Why Capitalism Has Us All Defending "Real" Music
Economic forces play a powerful role in shaping what we believe to be real or valuable, even though most cultural beliefs are rooted in artistic value and emotional connection.
Scarcity vs unlimited supply: Before AI music was a thing, scarcity held a sense of value. Only those with the talent or resources could produce high-quality music. Now, AI is flooding the market, with around 10 percent of music creators using generative AI, directly endangering the competitive advantage held by established artists and the economic model built on exclusivity as a whole.
The analog comeback: vinyl, live shows, and slow listening. Right now, there is a counter-revolution against the physical as streaming platforms like Deezer report that over 50,000 entirely AI-generated tracks are being uploaded daily. Those who are tired of subscriptions are driving the comeback of cassettes, CDs, and vinyl, enabling music consumption in a more focused, meaningful way (by eliminating algorithmic playlists
The irreplaceable human experience of concerts: Even though AI is making it easier to produce recorded music, the culture overwhelmingly values live performances. Simply because they are authentic, irreplaceable experiences, this can be measured through:
The Weeknd’s: After Hours 'Til Dawn tour, grossing $1 billion,
Taylor Swift’s: The Eras Tour, grossing over $2 billion,
NBA YoungBoy’s: Make America Slime Again (MASA) Tour, grossing $70 million.

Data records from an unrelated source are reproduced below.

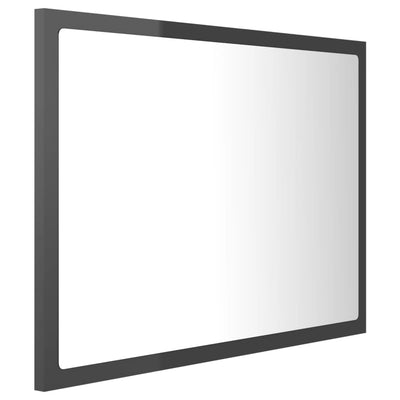 Kylpyhuonepeili LED korkeakiilto harmaa 60x8,5x37 cm akryyli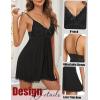 imageAvidlove Women Nightgown Sexy Sleepwear Lace Chemise Vneck Modal Babydoll Lounge DressBlack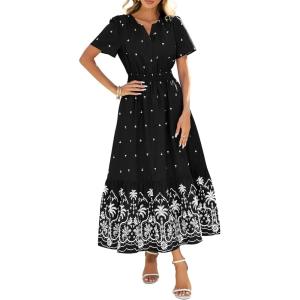 BTFBM Womens Summer Dresses 2026 Casual Short Sleeve Elastic Waist Flowy Beach Vacation Floral Boho Maxi Dress Pockets(Black White Flower)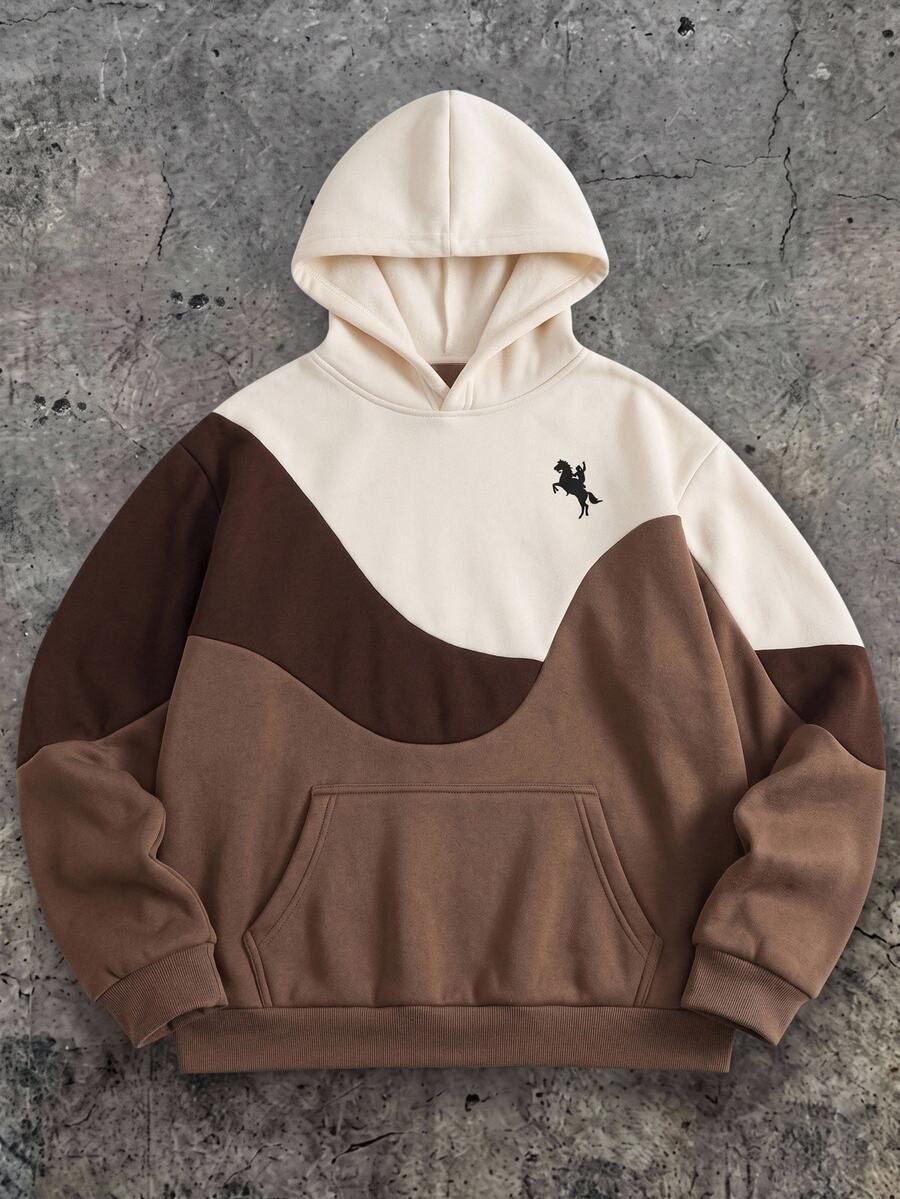 SHEIN 青少年男款休閒純色棕色寬鬆連帽衛衣 - 棕色 - 查看 1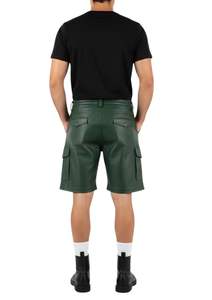 New Custom Mens <b>Green</b> Genuine Leather Utility Cargo Shorts Streetwear Style and Utility Pockets Six Pockets Shorts - Product Image 5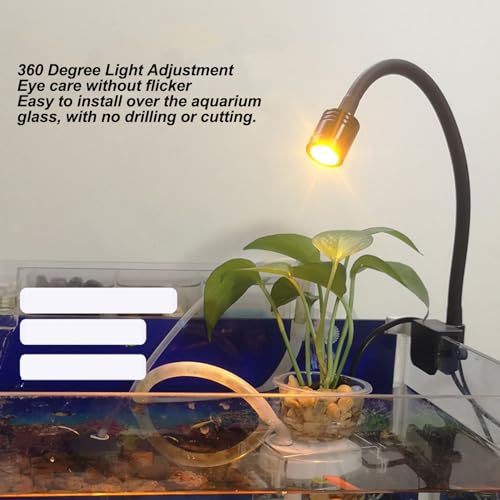 Aquarium Light, Fish Tank Clip Lighting Aquarium LED Light Small LED Clamp Aquarium Light for 3‑6 Gallons Freshwater Saltwater Aquariums High Brightness (Warm Light) - size: Warm Light, style: Warm Light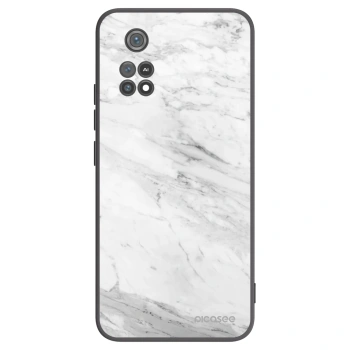 Picasee silikonowe czarne etui na Xiaomi Poco M4 Pro - White marble
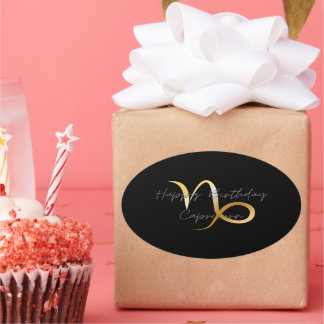 Adesivo Oval Feliz aniversário Capricórnio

This proves that people will still pay a premium to see a live human performance, even as AI has made music algorithmically replicable. Moreover, live concerts are only becoming more popular and remain the best way for artists and fans to truly connect.
Why Our Beliefs About AI Music Actually Make Sense
If scientists could prove that our brains respond differently to human-made music vs. AI-generated music (even if they sound the same), this could explain why people prefer man-made music. But there is a slight problem with this theory: a Deezer study found that 97% of respondents failed a blind test trying to distinguish between fully AI-generated music and man-made music. Informing us that human ears can’t tell the difference between human and AI tracks, challenging the idea that it is innate for us to “feel” when music is authentic. Furthermore, the culture values music because of its emotion, human experience, and unique perspectives. This is because no artificial intelligence has ever lived in reality. It cannot genuinely express happiness, sadness, grief, or joy. AI can’t even have a discourse about social issues. Any emotion it shows is exactly what is known for being, artificial. However, if someone uses AI to express their true emotions, like using Grimes's AI voice to vocalize what they might be too scared to do themselves, does this make it real again? Does Grimes's ethical consent in cloning her voice for a royalty split culturally validate this move?
Moreover, we can argue that even with AI’s bad rep, the culture does accept and validate AI when it is used as a transparent, collaborative tool that expands human creativity and intention, rather than completely bypassing or replacing human artistry. This is most noticeable in Kendrick Lamar’s The Heart Part 5 music video. Here, Lamar used deepfake technology to morph into Black figures such as Kobe Bryant, Will Smith, Kanye West, and Nipsey Hussle. The culture loved this! Lauren London called it “powerful art.” Because Lamar first received the blessings of their estates and then used the AI tech to show radical empathy and collective trauma, revealing a deep understanding of what real pain looks like, the culture deemed it highly authentic.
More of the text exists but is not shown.